You must take one or the other, but neither of them are to be what they claim. Will there ever again be a legitimate third choice for the American voter? Elizabeth Farnsworth talks to our regular panel of historians, joined by William Kristol, about the upstart alternatives of past, present and future.


MS. FARNSWORTH: Now third parties and presidential politics. It's not only the Republicans who are gathering in California. The Reform Party is holding its nominating convention Sunday in Long Beach. Vying to head up that party's ticket are Texas businessman Ross Perot and former Colorado Governor Dick Lamm. We get a historical view on third parties from three NewsHour regulars: Presidential Historians Doris Kearns Goodwin and Michael Beschloss, and author/journalist Haynes Johnson. They are joined tonight by William Kristol, editor and publisher of the 'Weekly Standard.' Thanks for being with us to all of you. Doris, beginning with you, what kind of circumstances in American history have given rise to third parties?

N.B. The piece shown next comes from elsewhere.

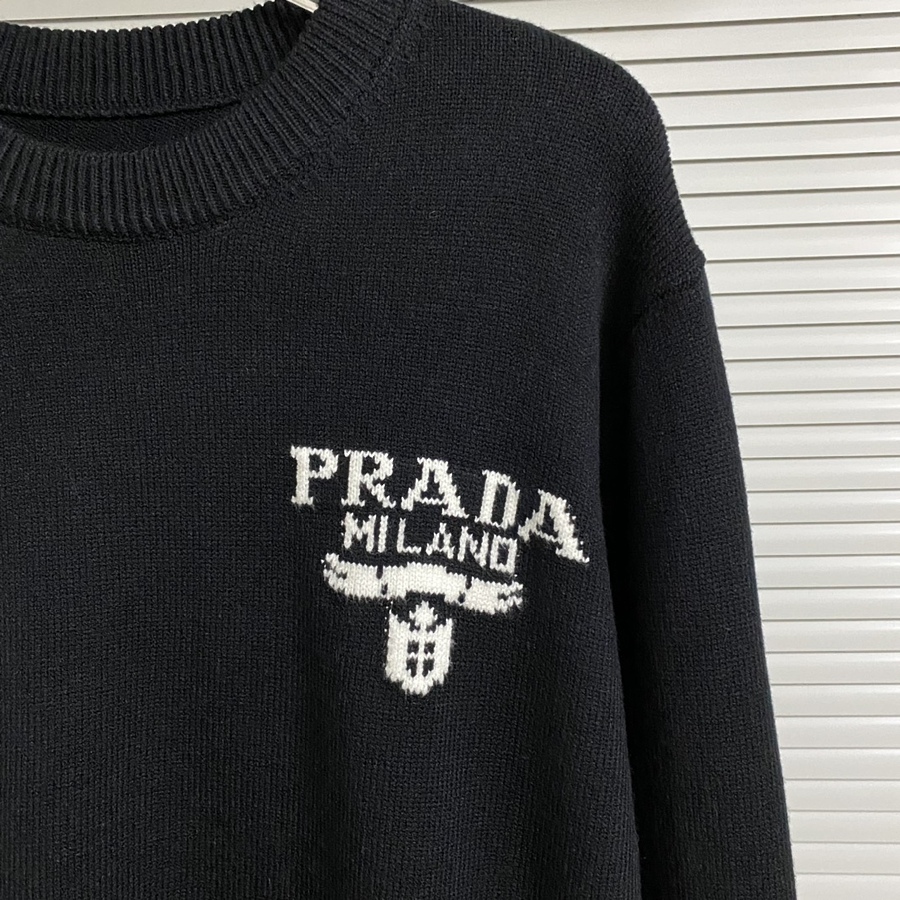 Prada Sweater for Men #600498 replica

DORIS KEARNS GOODWIN, Presidential Historian: The most important circumstances that have given rise to third parties are when neither of the major parties are representing a whole series of issues that people care deeply about. In fact, the subject has a special interest in my heart because the first published article I ever wrote in 1967 in the spring with a friend of mine in graduate school at Harvard argued for the need for a third party to challenge Lyndon Johnson and the Republicans, both of whom we claimed were giant hawks, so there was no place for the anti-war movement to go in the electoral system and neither party, we claimed, were representing the interests of women and poor and blacks.

Well, the 'New Republic' said they might be interested but we heard nothing. And meanwhile I was selected as a White House fellow, went to the White House, danced with Lyndon Johnson. He asked me to be his personal fellow at which point then the next day the 'New Republic' article came out saying, 'How to Dump Lyndon Johnson in 1968.' So I thought it was the end of me completely. But he said, oh, bring her down here and if I can't win her over in a year, no one can. And that's where my whole relationship with him began, why I became a presidential historian, why I'm probably sitting here today.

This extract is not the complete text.